*** Opening Input material ***

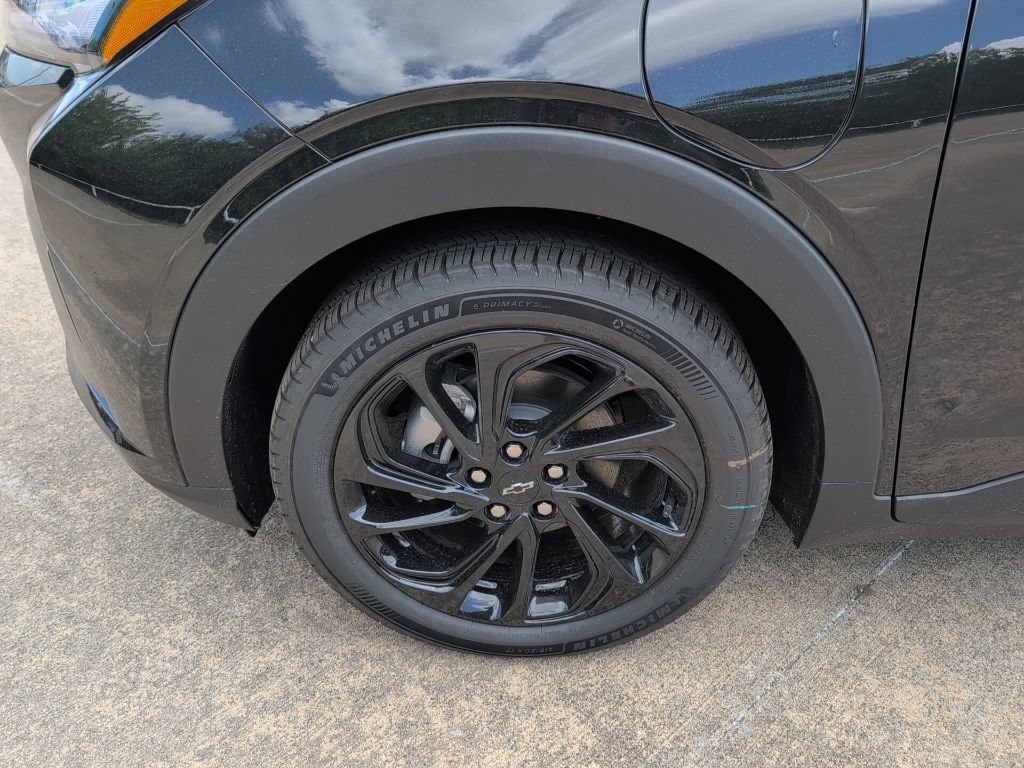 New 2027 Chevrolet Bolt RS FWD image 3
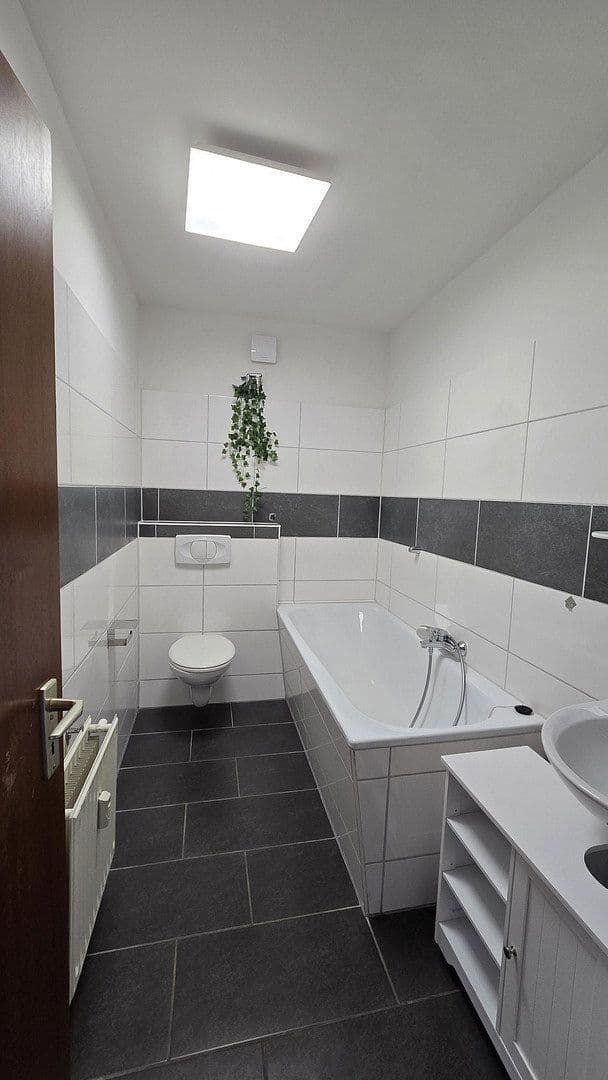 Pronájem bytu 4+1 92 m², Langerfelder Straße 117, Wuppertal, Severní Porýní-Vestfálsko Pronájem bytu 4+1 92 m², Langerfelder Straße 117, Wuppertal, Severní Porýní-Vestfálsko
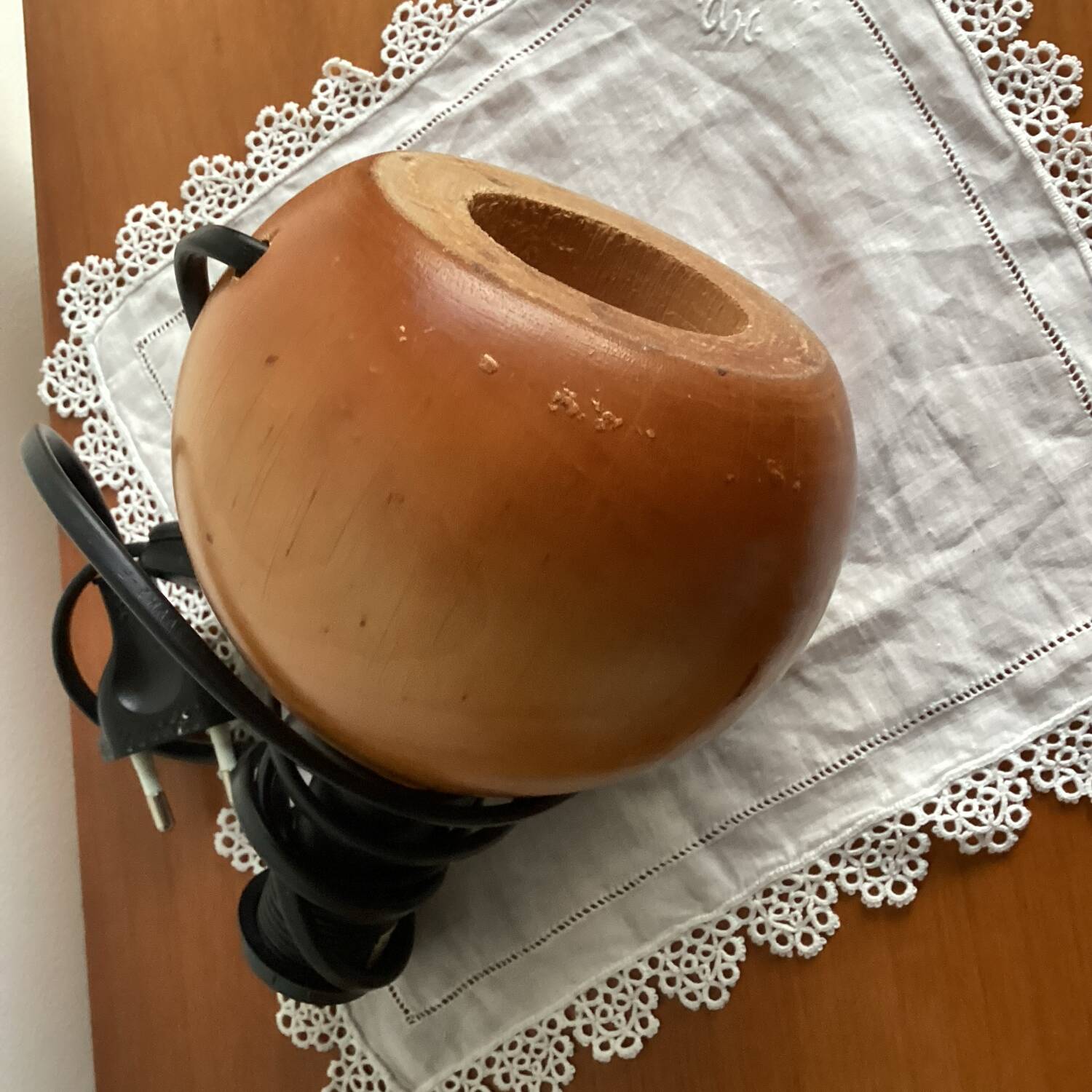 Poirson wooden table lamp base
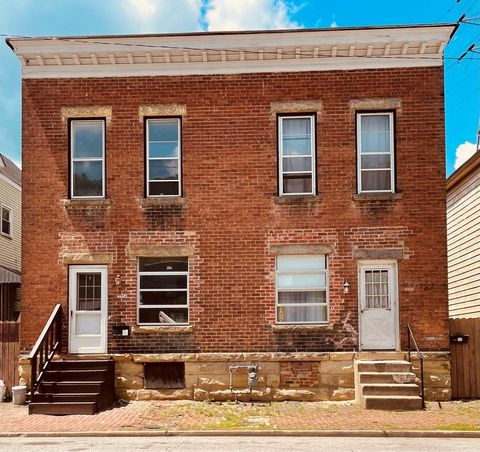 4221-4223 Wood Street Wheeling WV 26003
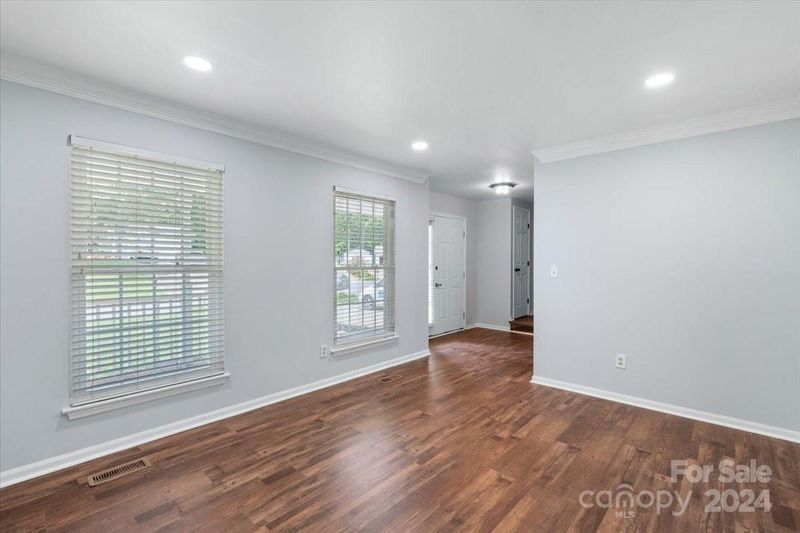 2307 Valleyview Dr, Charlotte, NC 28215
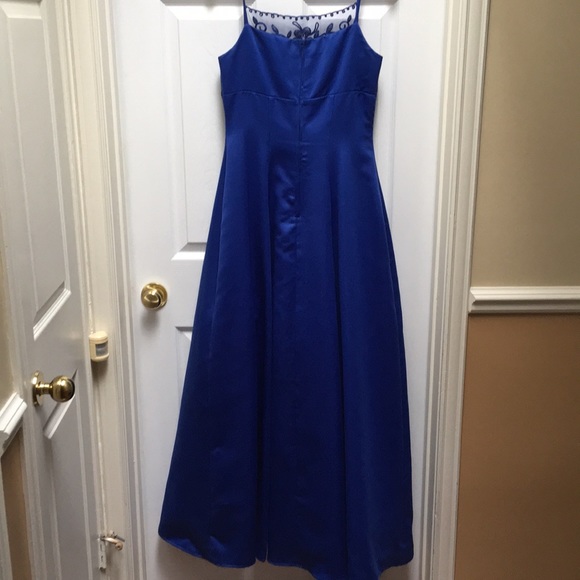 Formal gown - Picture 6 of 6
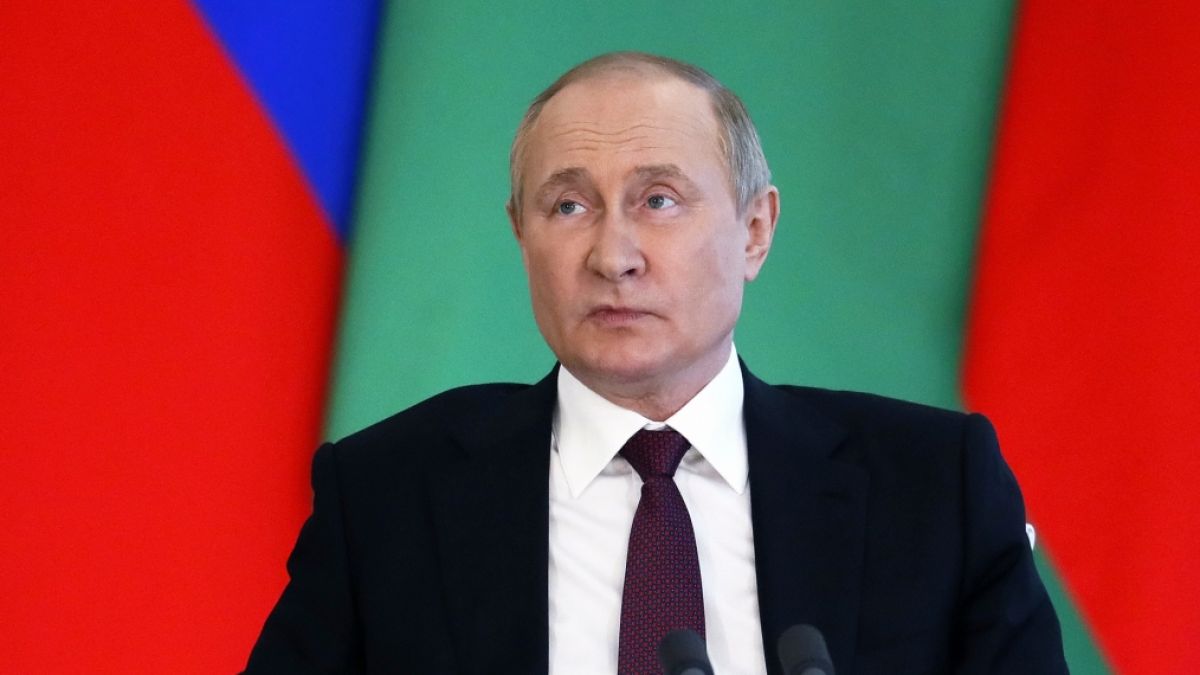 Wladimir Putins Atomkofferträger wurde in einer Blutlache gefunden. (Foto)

*** Closing Input material ***
*** Opening Input material ***

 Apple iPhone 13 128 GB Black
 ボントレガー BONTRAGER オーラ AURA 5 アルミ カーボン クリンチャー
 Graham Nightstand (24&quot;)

*** Closing Input material ***

What you have to do
What is needed is an exact copy of the lines above, from the one containing "Apple iPhone 13 128 GB Black" through the one containing "Graham Nightstand (24&quot;)", with nothing added.

Solved exercise
 Apple iPhone 13 128 GB Black
 ボントレガー BONTRAGER オーラ AURA 5 アルミ カーボン クリンチャー
 Graham Nightstand (24&quot;)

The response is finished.